Dataset content:
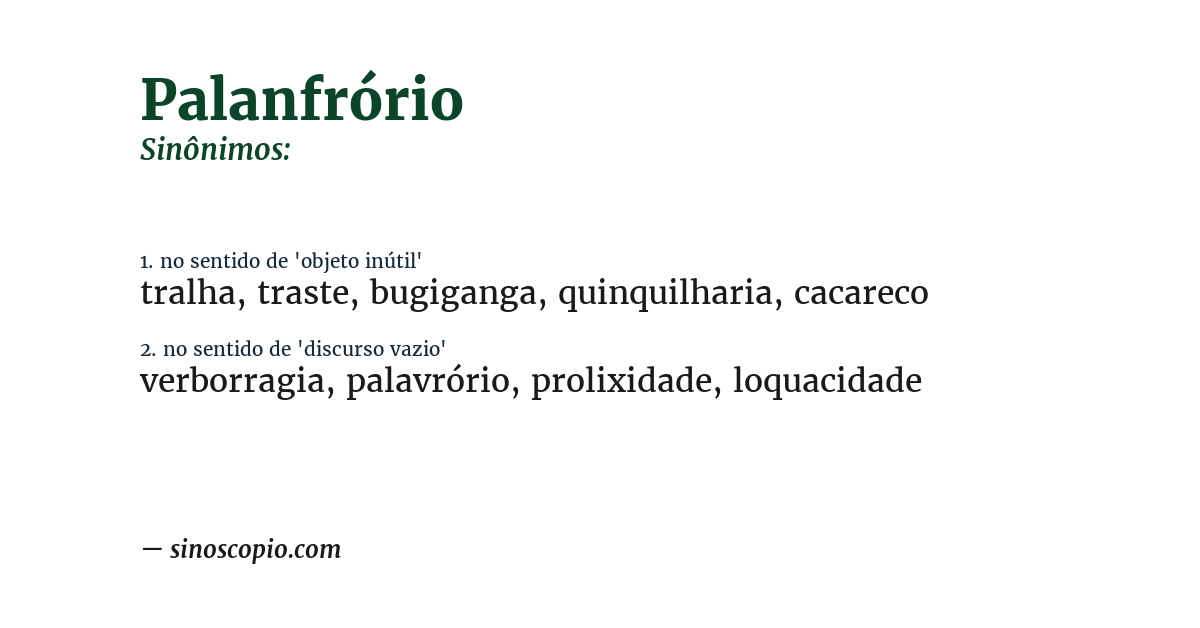 Sinônimo de palanfrório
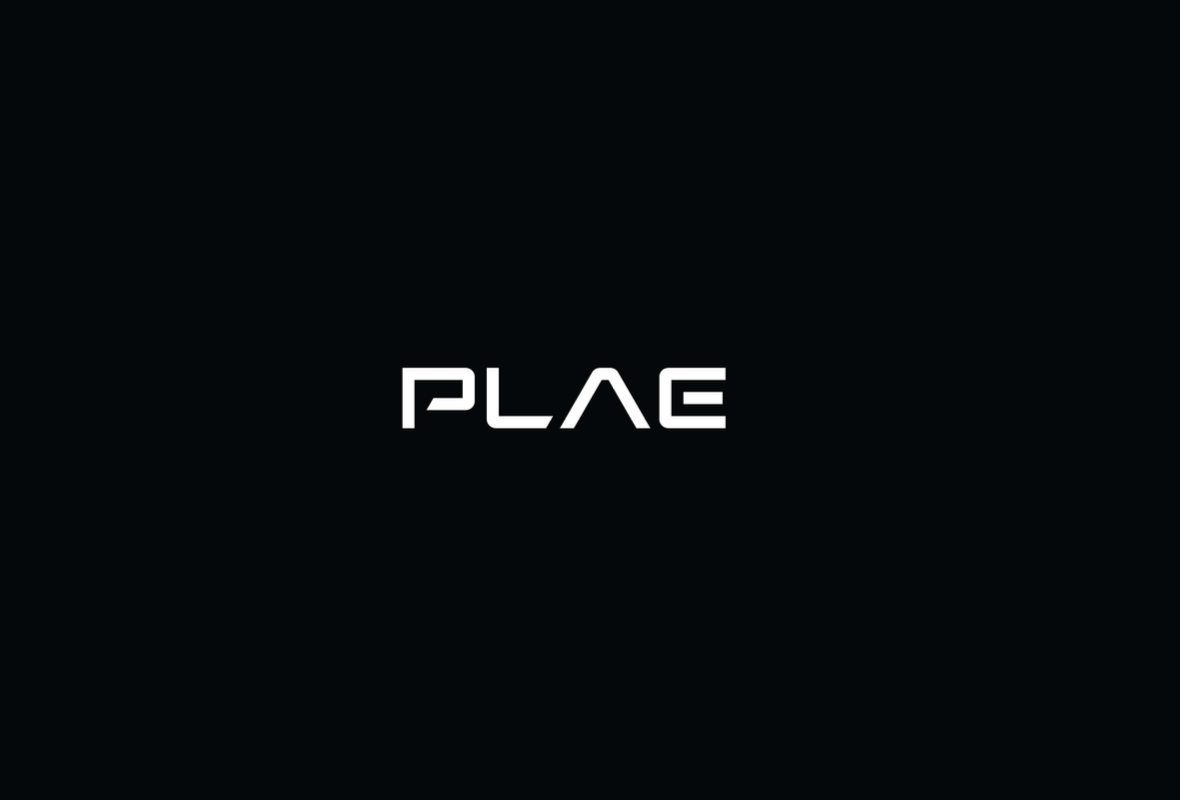 Black background with the white text "PLACE" centered in the middle.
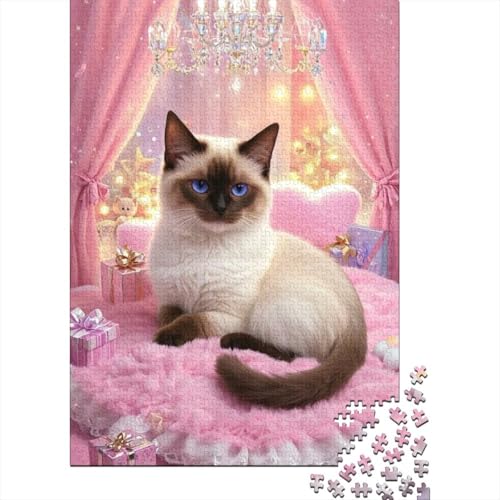 Siamkatze Puzzles 1000 Teile Schwer Puzzle Spielzeug Pädagogisches Spiel Impossible Herausforderungsspielzeug Für Erwachsene Kinder 1000pcs (75x50cm) von DHBANEIOK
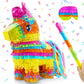 16 Cinco de Mayo Pinata, Large Rainbow Color Donkey Pinata 16 x 13 x 5.5 ln with Stick and Blindfold for Fiestas Mexican Party D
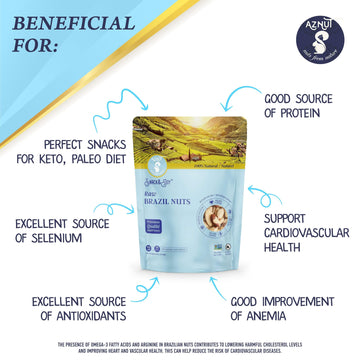 Aznut Brazil Nuts, Superior To Natural And Raw Shelled, No Ppo, Vegan And Keto Friendly, Gluten Free, Peanut Free And Vegan, Non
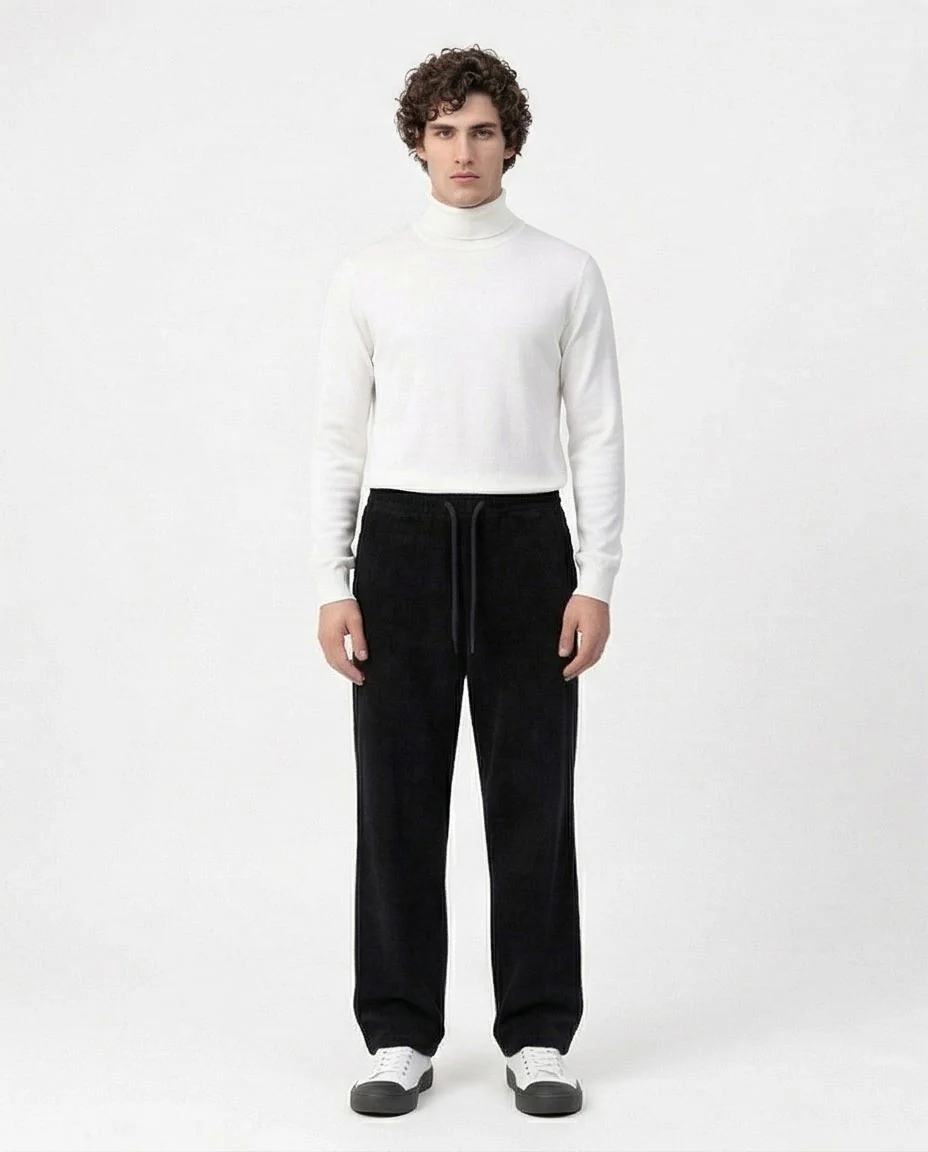 Black Corduroy Elasticated Waist Trousers - R216920 - Image 3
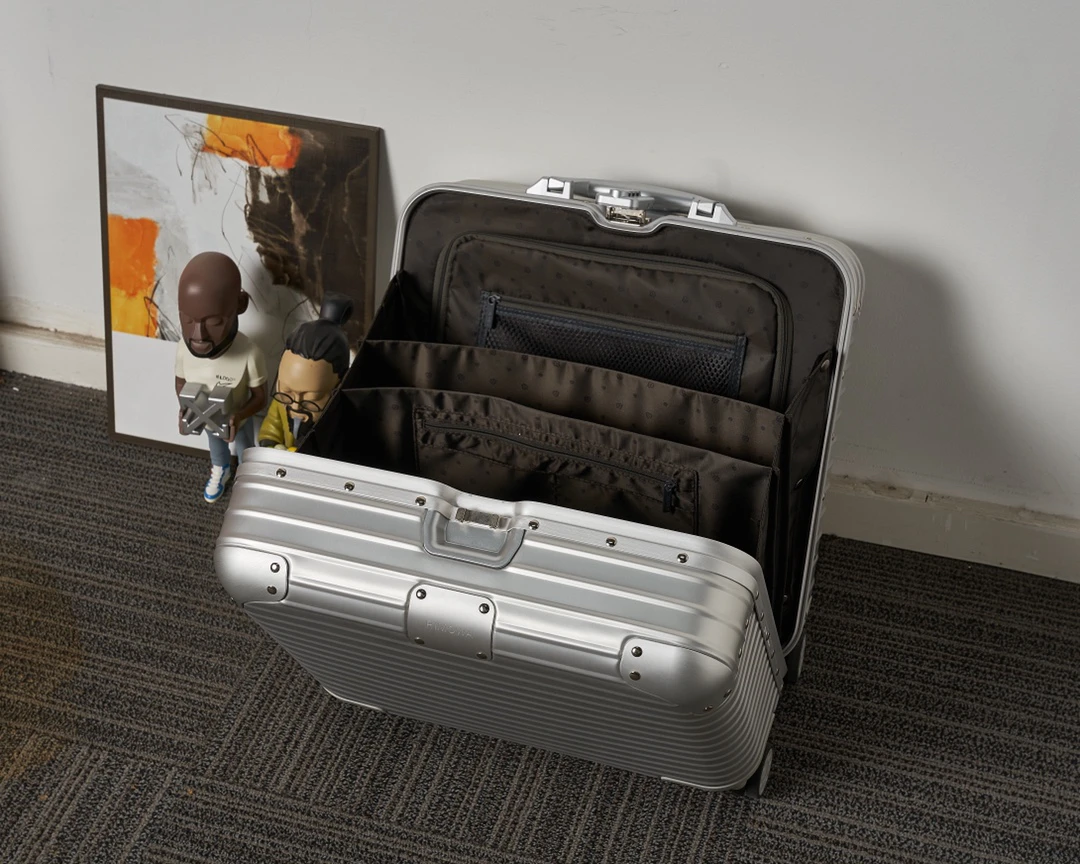 กระเป๋าเดินทางแบบถือขึ้นเครื่อง กระเป๋าเดินทางคลาสธุรกิจขนาดกะทัดรัด 16 นิ้ว กระเป๋าเดินทางแบบมีล้อเลื่อนทำจากอลูมิเนียม-แมกนีเซียมอัลลอยด์สำหรับการเดินทางระยะสั้น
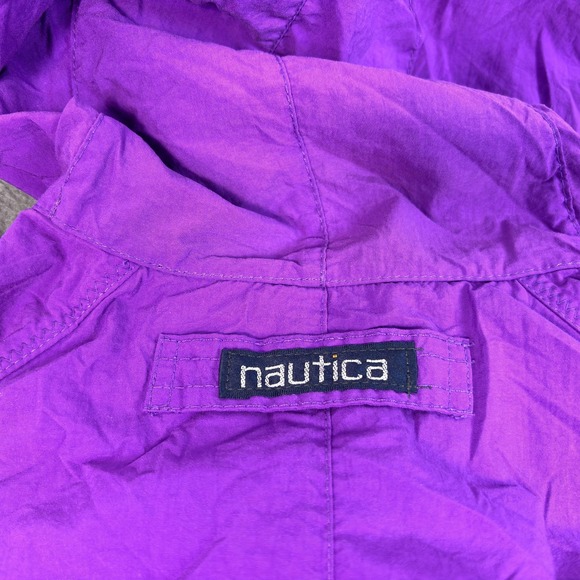 Vintage Nautica Jacket Mens Large Purple Offshore Races Hooded Windbreaker 90s - Picture 10 of 14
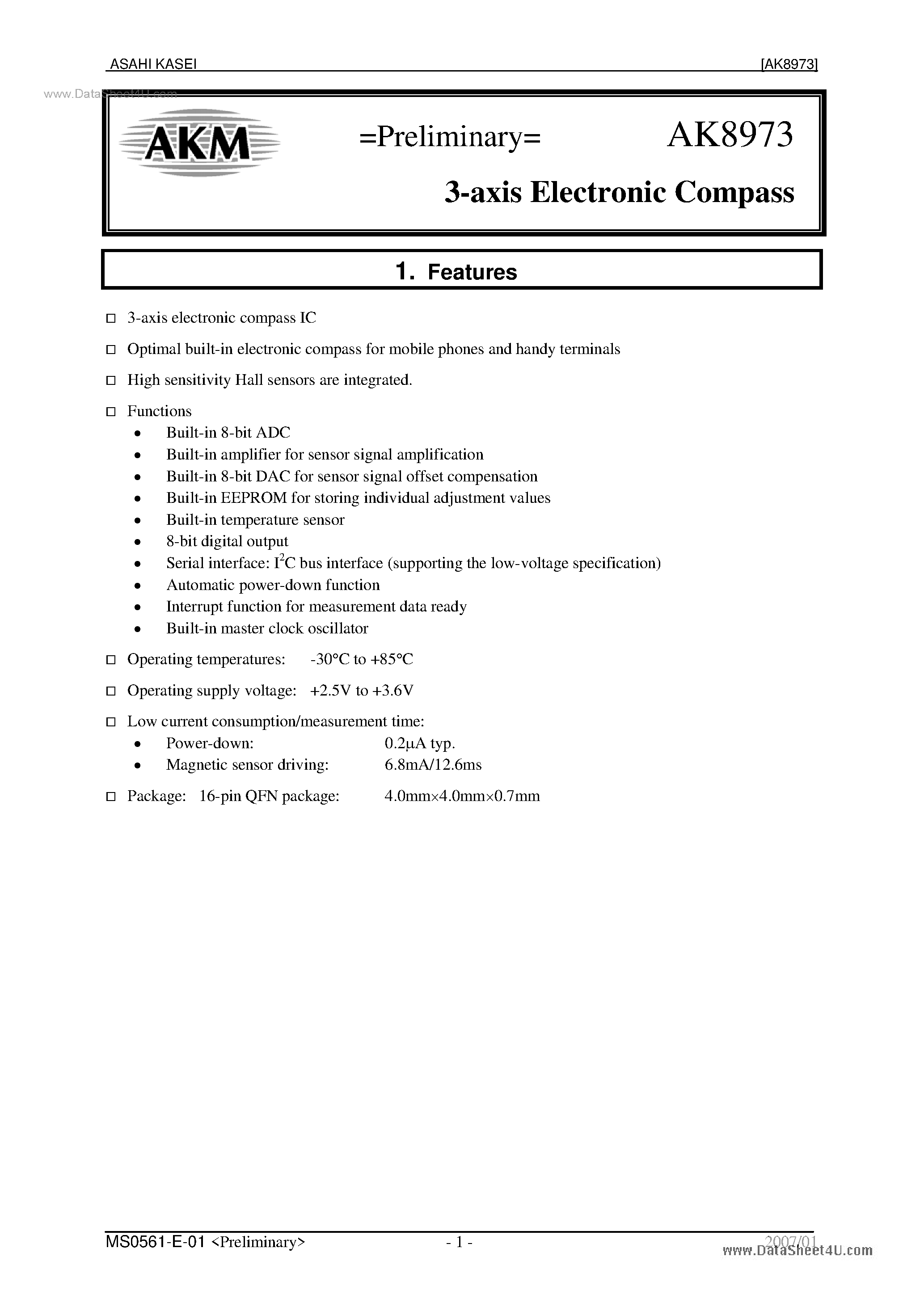Datasheet AK8973 page 1 Datasheet AK8973 - 3-axis Electronic Compass page 1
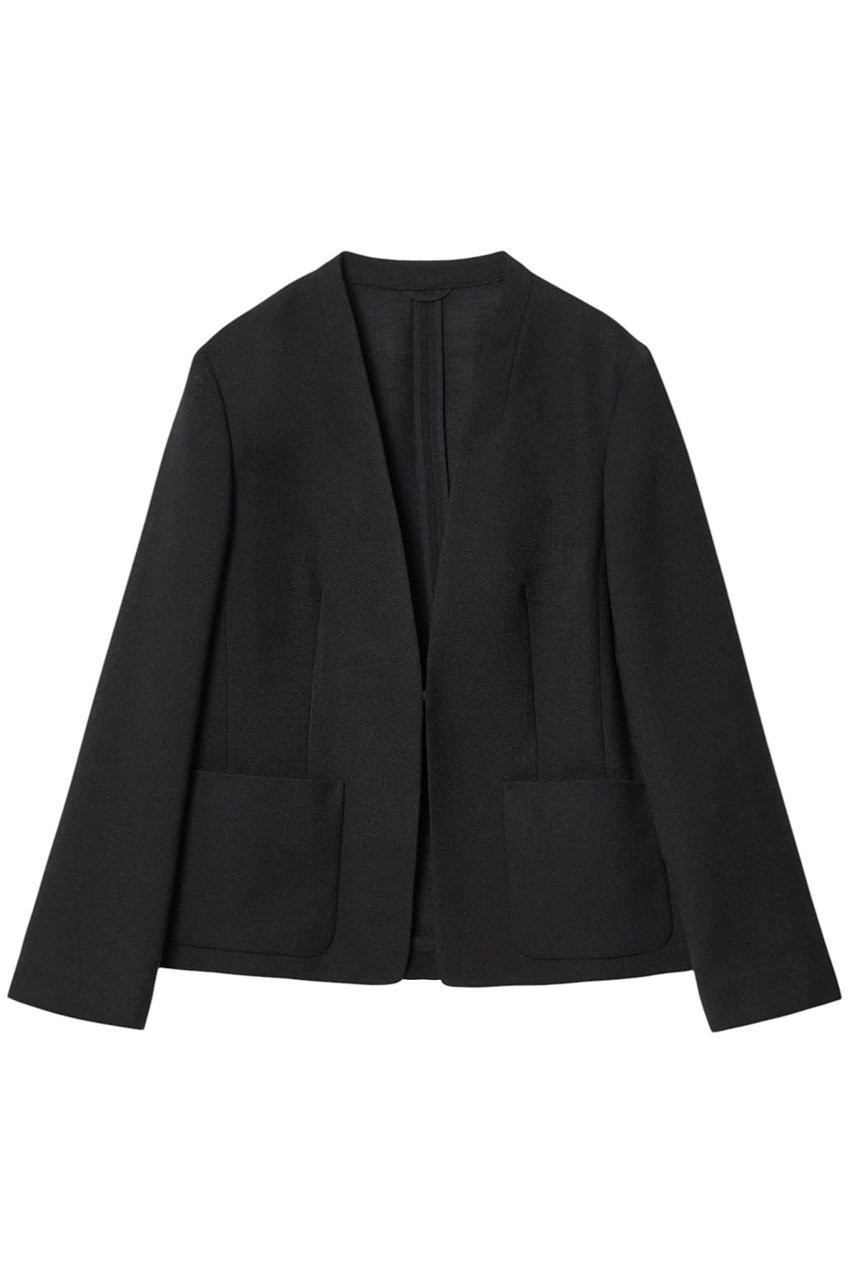 【アナイ/ANAYI】のカラミリネンライクノーカラー ジャケット インテリア・キッズ・メンズ・レディースファッション・服の通販 founy(ファニー) 　ファッション　Fashion　レディースファッション　Fashion for Women　アウター　Coat / Outerwear Collection　レディースジャケット・軽アウター　Jackets　ノーカラージャケット / シンプル上品コーデ　Collarless Jackets　ジャケット　Jacket, Outerwear　スマート　Smart, Elegant　リネン　Linen, Linen Fabric　ワイド　Wide, Wide Fit　夏　Summer　ブラック|ID: prp329100004483005 ipo3291000000032951641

What to do:
Reproduce the records above exactly, but only from the line with "16 Cinco de" up to and including the line with "Datasheet AK8973 page". Leave the pictures out.

Solution for this task:
 16 Cinco de Mayo Pinata, Large Rainbow Color Donkey Pinata 16 x 13 x 5.5 ln with Stick and Blindfold for Fiestas Mexican Party D
 Aznut Brazil Nuts, Superior To Natural And Raw Shelled, No Ppo, Vegan And Keto Friendly, Gluten Free, Peanut Free And Vegan, Non
 Black Corduroy Elasticated Waist Trousers - R216920 - Image 3
 กระเป๋าเดินทางแบบถือขึ้นเครื่อง กระเป๋าเดินทางคลาสธุรกิจขนาดกะทัดรัด 16 นิ้ว กระเป๋าเดินทางแบบมีล้อเลื่อนทำจากอลูมิเนียม-แมกนีเซียมอัลลอยด์สำหรับการเดินทางระยะสั้น
 Vintage Nautica Jacket Mens Large Purple Offshore Races Hooded Windbreaker 90s - Picture 10 of 14
Datasheet AK8973 page 1 Datasheet AK8973 - 3-axis Electronic Compass page 1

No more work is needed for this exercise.